**PROBLEM DESCRIPTION:** Repeat the listing verbatim. Drop any pictures.

===== DATA FOR PROCESSING =====

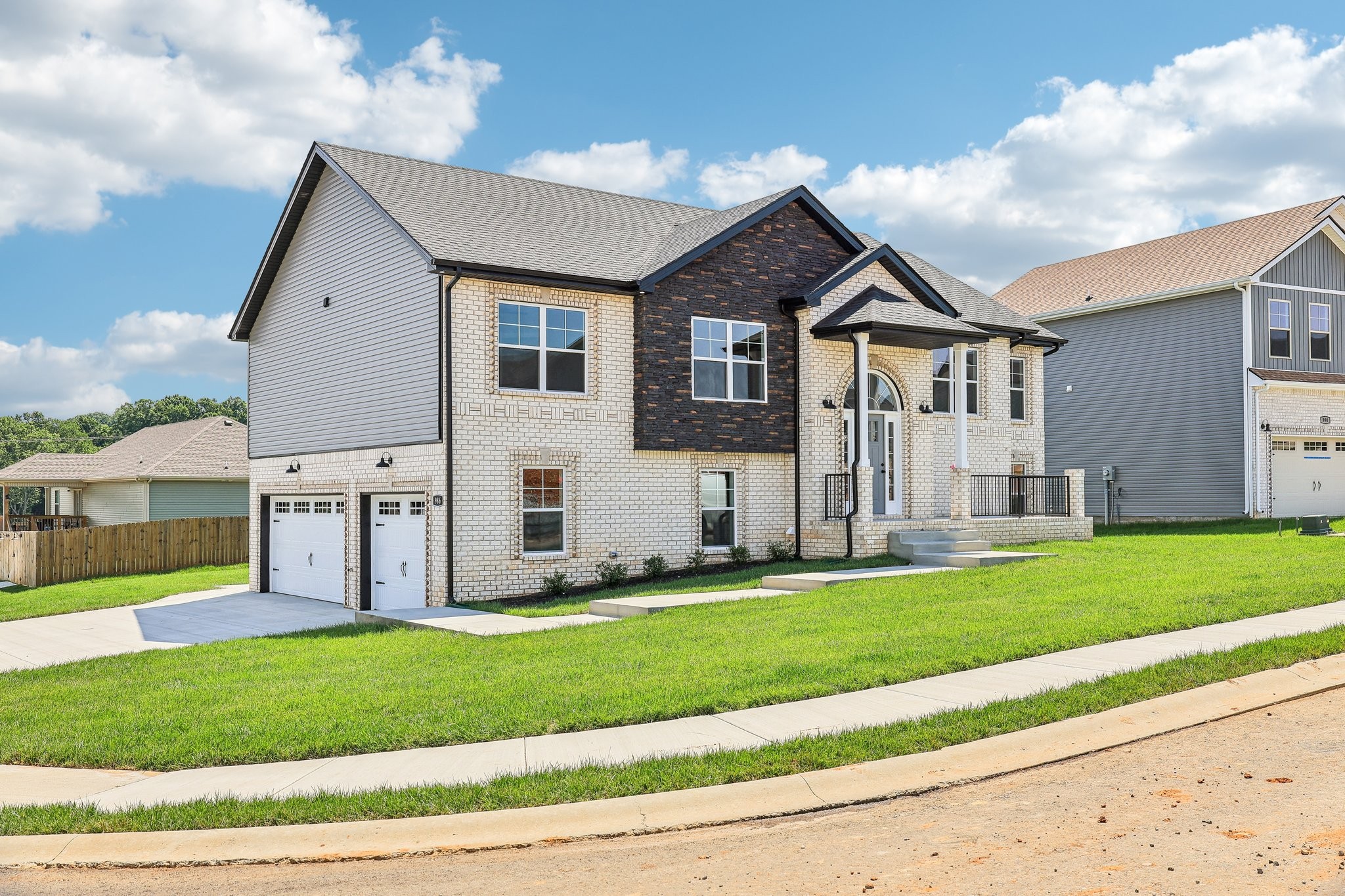 147 Cardinal Creek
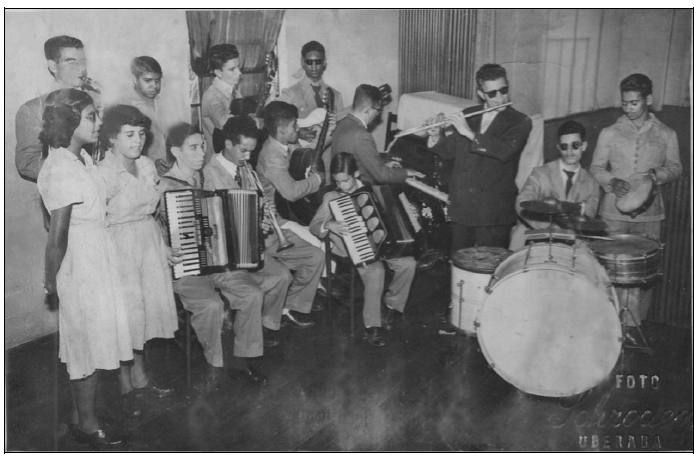 Conjunto musical dos alunos do ICBC.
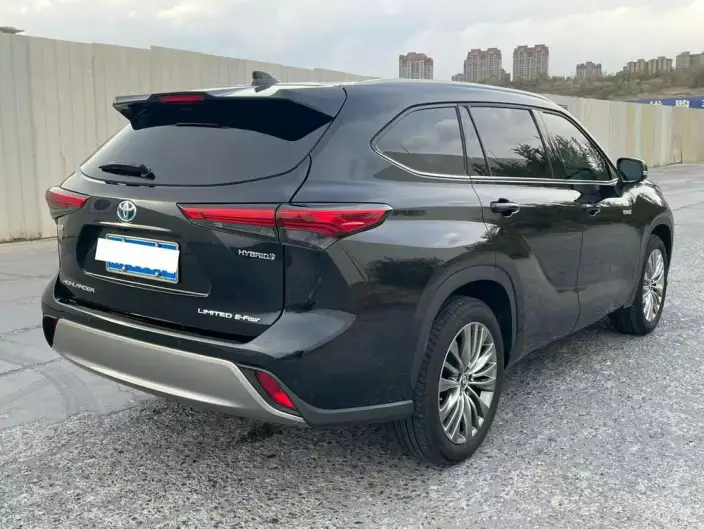 Toyota Highlander 2023 Model Hybrid 2.5L 4WD Supreme Edition 7 seat – фото 6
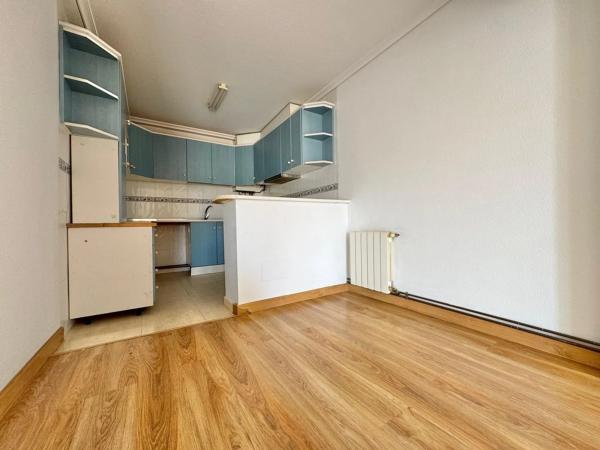 Chalet pareado en avenida D'Escandinàvia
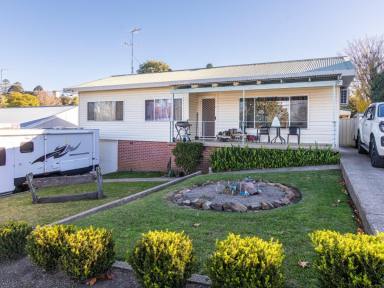 House For Sale - NSW - Bega - 2550 - WALK TO TOWN  (Image 2)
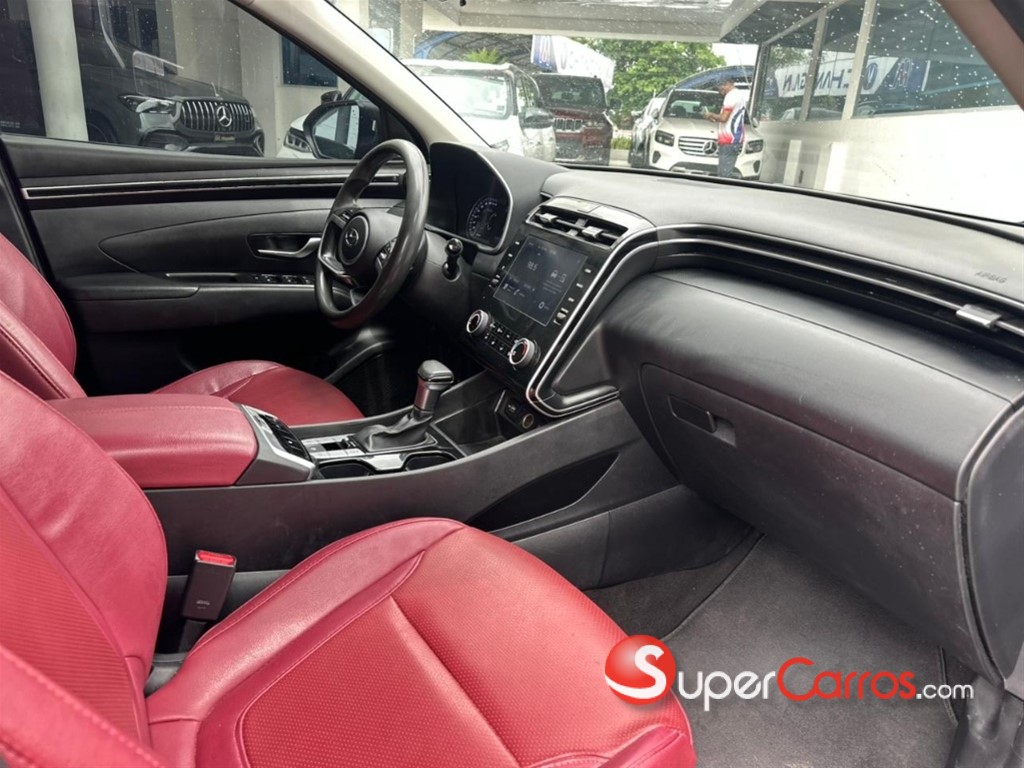 2022 Hyundai Tucson SEL — foto 9 / 12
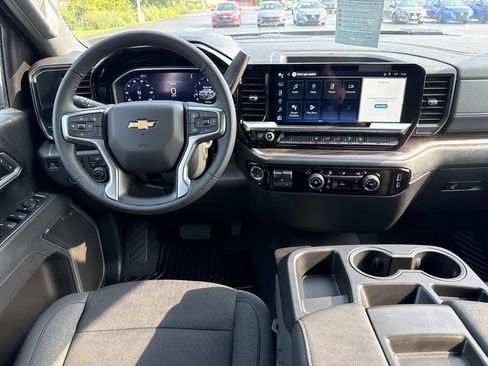 New 2026 Chevrolet Silverado 3500 LT w/ Z71 Off-Road Package AWD/4WD image 2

=====

**SOLUTION FOR THIS PROBLEM:**
 147 Cardinal Creek
 Conjunto musical dos alunos do ICBC.
 Toyota Highlander 2023 Model Hybrid 2.5L 4WD Supreme Edition 7 seat – фото 6
 Chalet pareado en avenida D'Escandinàvia
 House For Sale - NSW - Bega - 2550 - WALK TO TOWN  (Image 2)
 2022 Hyundai Tucson SEL — foto 9 / 12
 New 2026 Chevrolet Silverado 3500 LT w/ Z71 Off-Road Package AWD/4WD image 2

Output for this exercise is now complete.